• PROBLEM
Everything in the listing below must be set down again exactly, apart from the pictures.

• GIVEN DATA

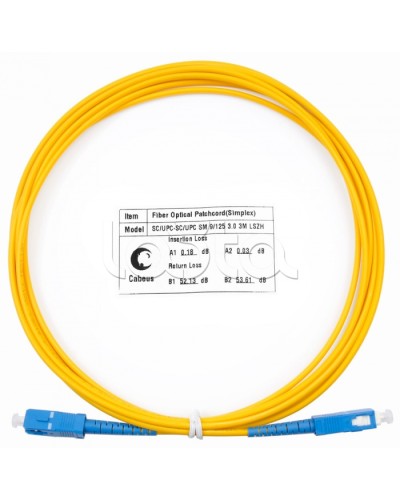Патч-корд волоконно-оптический (шнур) SM 9/125 simplex SC-SC LSZH (3м) Cabeus FOP(s)-9-SC-SC-3m во Владивостоке Патч-корды оптические Pintop.ru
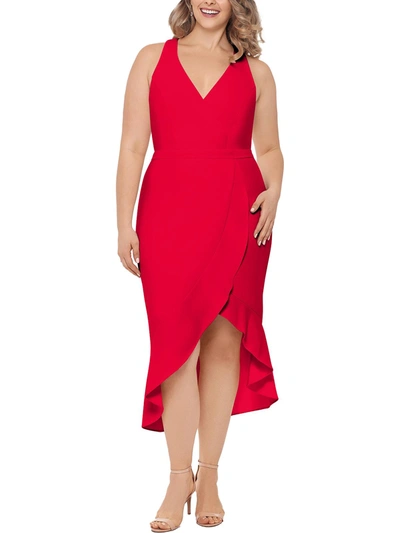 Shop Xscape Plus Womens Ruffled Calf Midi Dress In Red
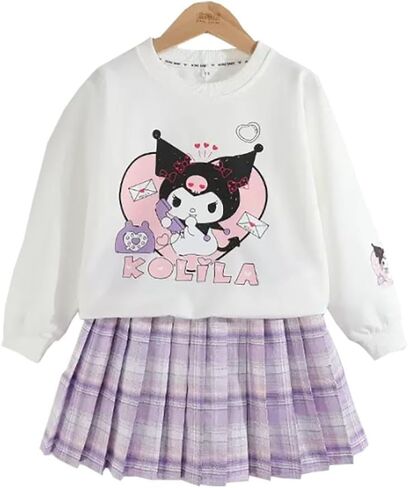 Girls 3 Piece Outfits Cartoon Crewneck Long Sleeve Pullover Sweatshirt + Plaid Pleated Mini Skirt + Bag Sets in Kuwait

• OUTPUT OF THE TASK
Патч-корд волоконно-оптический (шнур) SM 9/125 simplex SC-SC LSZH (3м) Cabeus FOP(s)-9-SC-SC-3m во Владивостоке Патч-корды оптические Pintop.ru
 Shop Xscape Plus Womens Ruffled Calf Midi Dress In Red
 Girls 3 Piece Outfits Cartoon Crewneck Long Sleeve Pullover Sweatshirt + Plaid Pleated Mini Skirt + Bag Sets in Kuwait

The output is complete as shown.